** Dataset records follows **

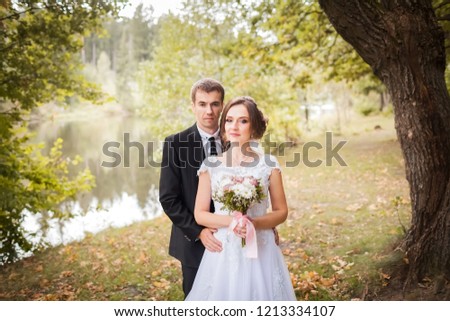 Wedding couple. Bride and groom are embracing in the autumn park against the background of the lake. Newlyweds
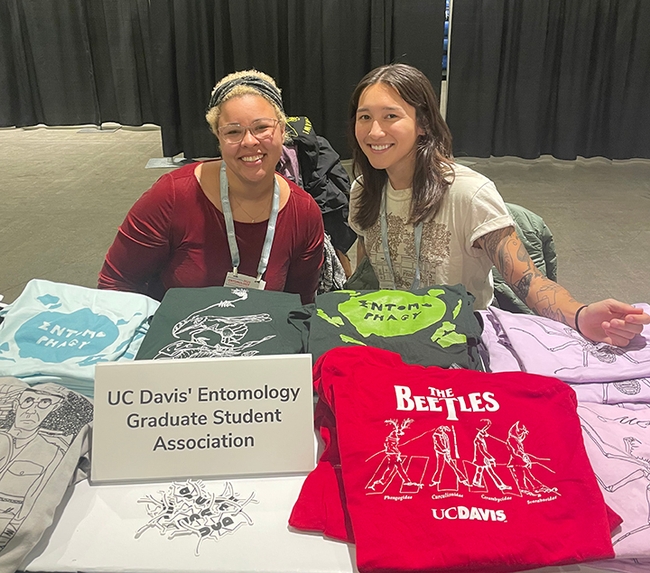 UC Davis doctoral students Iris Quayle (left) of the Jason Bond lab and Mia Lippey of the labs of UC Davis distinguished professor Jay Rosenheim and assistant professor Emily Meineke, show some of the EGSA T-shirts. Lippey serves as EGSA president, and Quayle as treasurer.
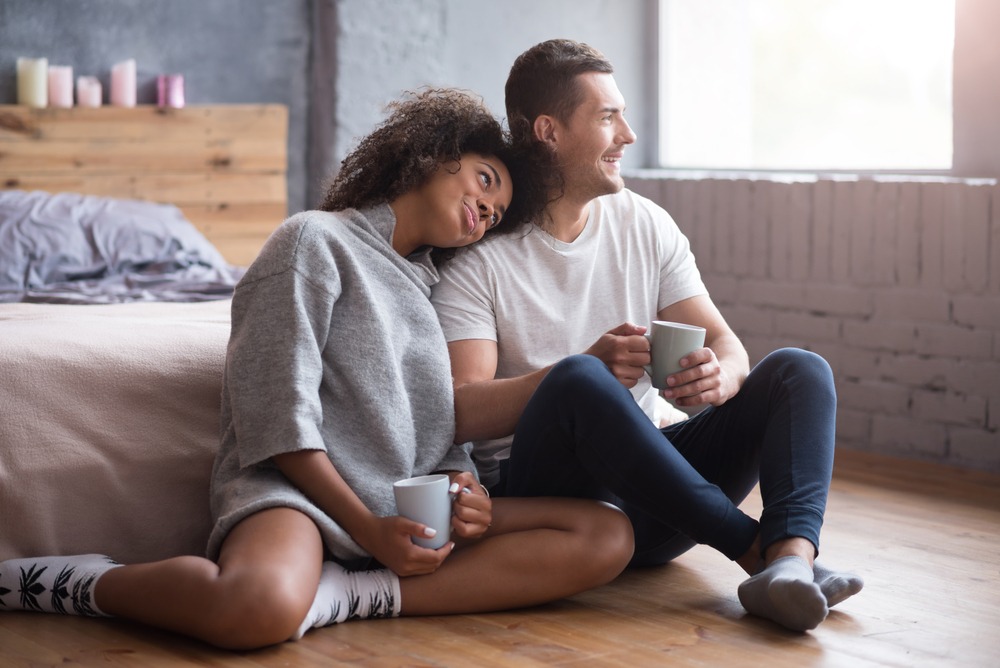 A man and woman sitting on the floor with a cup of coffee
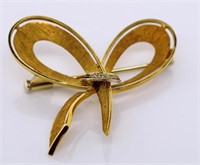 18ct gold ribbon brooch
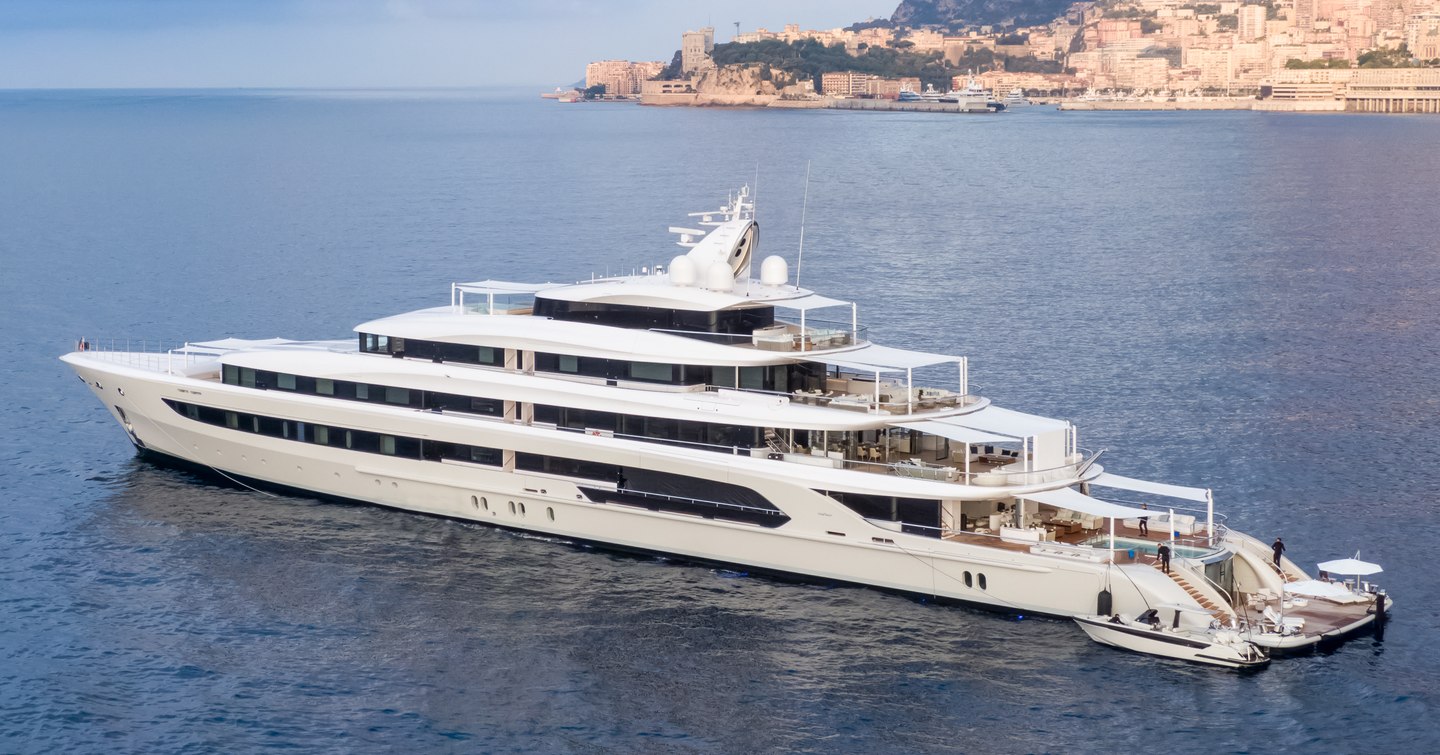 Oceanco yacht H3 shown on anchor in calm sea in bright day with land in background, port side profile showing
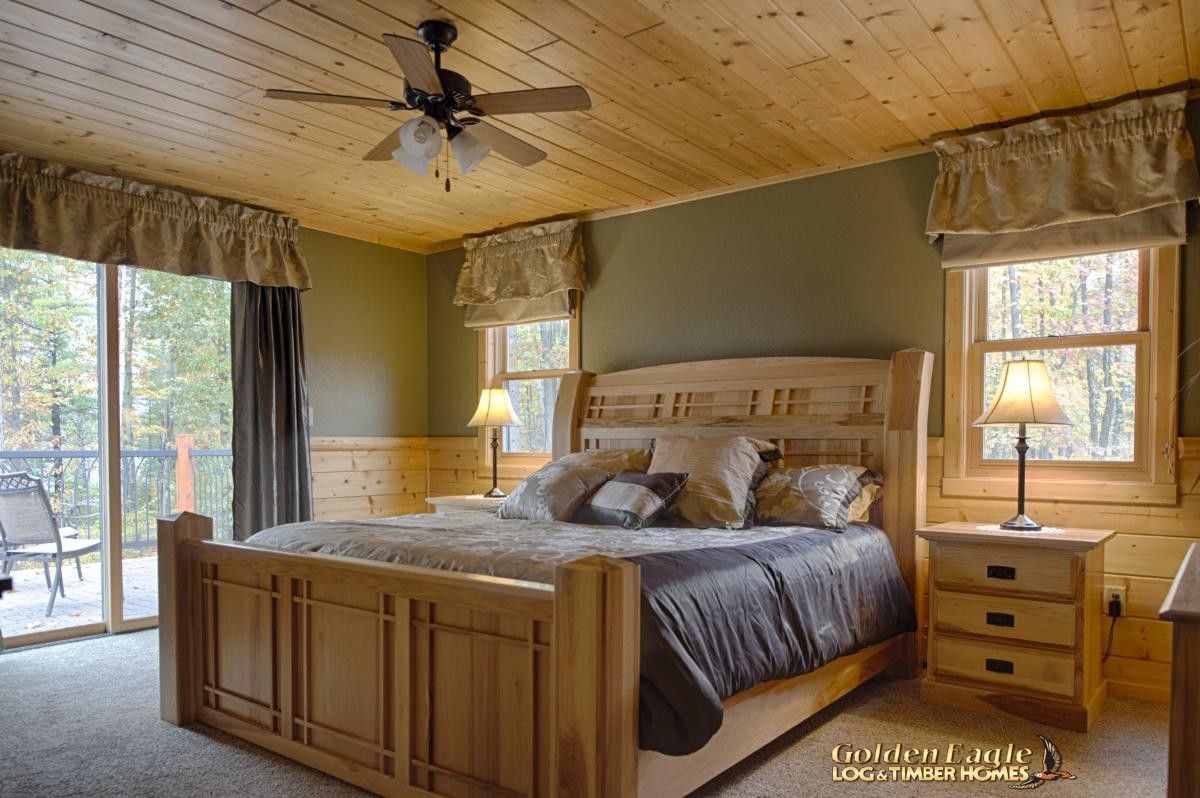 light wood bed with dark gray bedding against wood and green wall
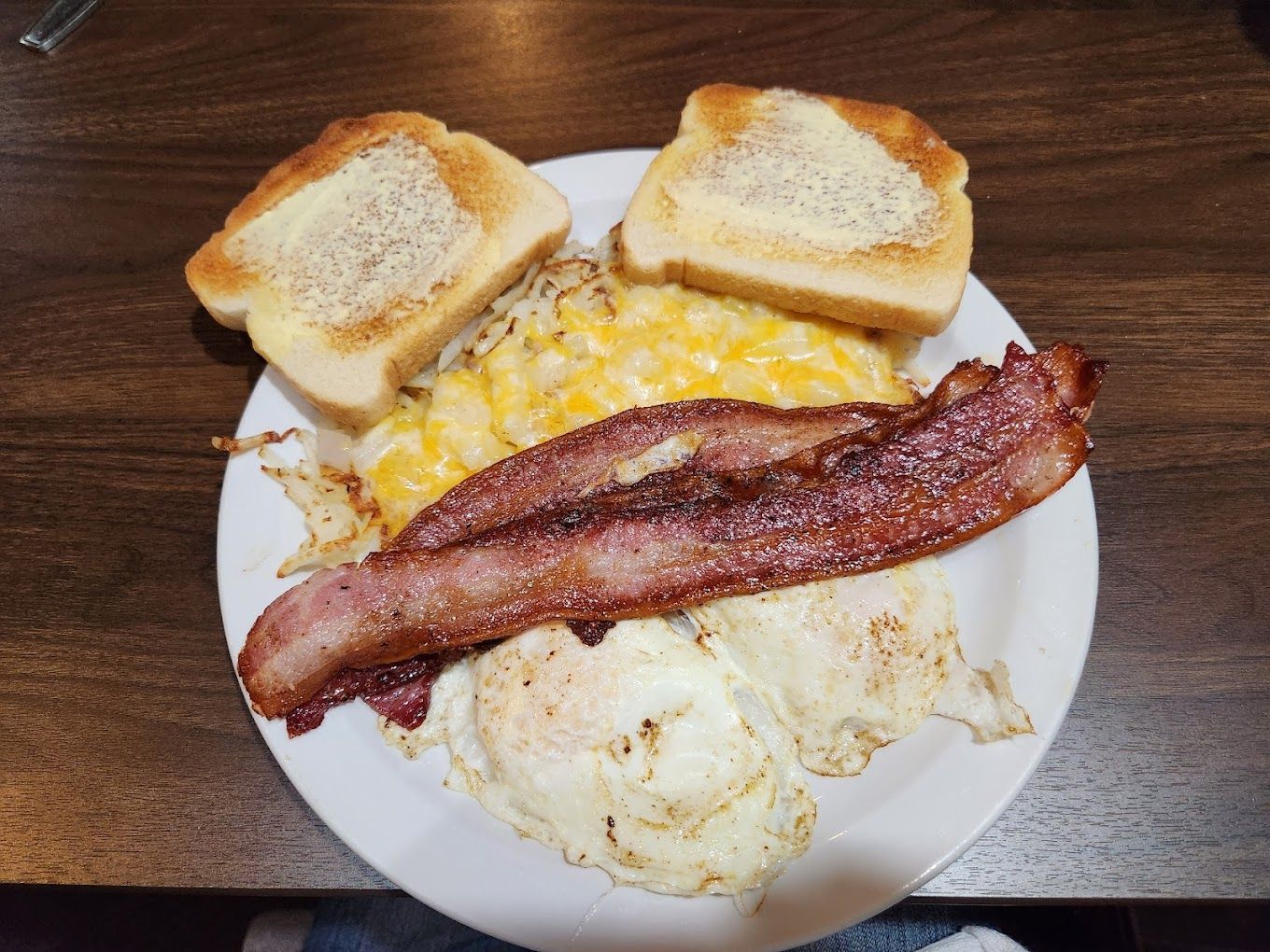 A white plate topped with eggs , bacon , and toast on a wooden table.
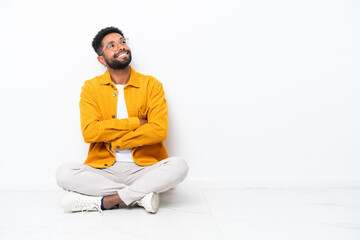 Young Brazilian man sitting on the floor isolated on white background looking up while smiling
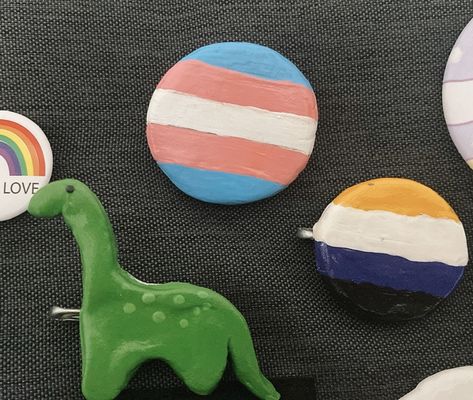 Trans and non Binary flag and lil dino🦕 Trans Pins And Patches, Trans Pin, Charlie Core, Random Accessories, Non Binary Flag, Non-binary Flag, Clay Pins, Button Ideas, Accessory Ideas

** End of Dataset records **

> **Your task**: For this exercise, reproduce exactly the lines of the records above from the one with "18ct gold ribbon brooch" up to and including the one with "Young Brazilian man", without pictures.

> **Task output**:
 18ct gold ribbon brooch
 Oceanco yacht H3 shown on anchor in calm sea in bright day with land in background, port side profile showing
 light wood bed with dark gray bedding against wood and green wall
 A white plate topped with eggs , bacon , and toast on a wooden table.
 Young Brazilian man sitting on the floor isolated on white background looking up while smiling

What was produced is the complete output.